France - Visitez l'exposition "Pour Paul Celan" au Grand Palais éphémère

« Le Point » a rencontré le célèbre plasticien Anselm Kiefer à l'occasion de l'ouverture de son exposition « Pour Paul Celan » au Grand Palais éphémère.

Publié le 18 décembre dans Le Point

« Paul Celan a créé une autre langue. » Ce sont les mots d’Anselm Kiefer, confiés au micro du Point, qui rend (un autre) hommage, verbal pour cette fois-ci, à l’un des plus grands poètes de langue allemande de l’après-guerre, le temps de cette exposition parisienne. « C'est un voyage dans le temps, à travers le XXe siècle, auquel nous invite le plasticien allemand, précise le président de la Réunion des musées nationaux-Grand-Palais, Chris Dercon. Un travail sur la mémoire européenne, monumental, qui demeure, comme selon les habitudes de son auteur, toujours aussi poétique que ténébreux. Gigantesques, aussi, ces 19 toiles qui prennent tout l’espace du Grand Palais éphémère du 17 décembre 2021 au 11 janvier 2022, signées par ces mots : « Für Paul Celan ».
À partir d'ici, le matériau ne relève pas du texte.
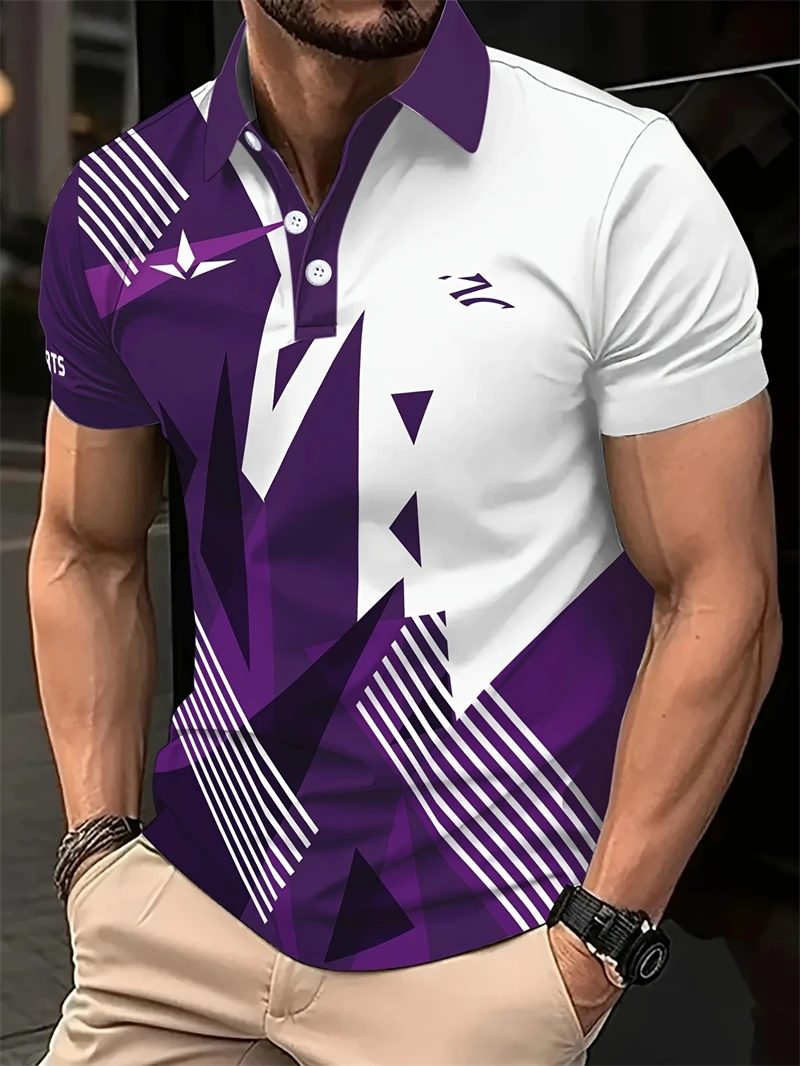 

Simple Geometric Graphic Polo Shirts For Men Summer Casual Short Sleeve 3D Printed Polo Shirt Loose Breathable Lapel Button Tops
Car il s'agit bien d'une œuvre globale, monumentale pourrait-on dire aussi, dédiée à l'auteur du célèbre poème « Todesfuge » (« Fugue de mort »), écrit en 1945 après la libération des camps. « Celan ne se contente pas de contempler le néant, il l’a expérimenté, vécu, traversé », explique l'artiste au sujet du poète roumain, dont les parents sont morts, victimes de l'Holocauste. Sa vie durant, il a cherché à relayer le témoignage de la Shoah, par ses écrits : « Il n’a pas arrêté d’évoquer ce qui s’est passé avec sa famille, avec lui, avec tous les gens qu’il connaissait », explique Chris Dercon. Au tour de Kiefer d'être, pour cette mise en scène, au-delà de louer le talent littéraire du poète, le « témoin du témoin » de celui qui, par ses vers, craignait la perte de repères, l'évaporation des leçons du XXe siècle.

Qui ne connaît pas l’Histoire ne peut pas s’imaginer l’avenir. [...] C’est une exposition très engagée, elle est aussi un avertissement.

Le fruit de dizaines d'années de créations inspirées par le poète suffit-il à réalier un tel passage de relais ? Ou en tout cas à garantir de ne jamais rien effacer ? « Les Allemands en 1945, ont dit : “C’est l’heure zéro”, mais, moi, j’ai toujours dit : ce n'est pas l’heure zéro, ça continue, précise Kiefer au micro du Point. Ça continue, sous une couverture fine de démocratie, de liberté… » Et de poursuivre, inquiet : « Il y a des bulles de fascisme qui remontent, que ce soit en Europe ou aux États-Unis. » Et par ses toiles géantes, tout aussi impressionnantes que le morceau de l'atelier de l'artiste délocalisé pour l'occasion, c'est autant de « signaux d'avertissements », dixit l'hôte des lieux, de mises en garde, face aux plus récentes montées de conflits internationaux, que nous livre l'artiste en cette courte exposition de fin d'année.

Une exposition à découvrir au Grand Palais éphémère du 17 décembre 2021 au 11 janvier 2022.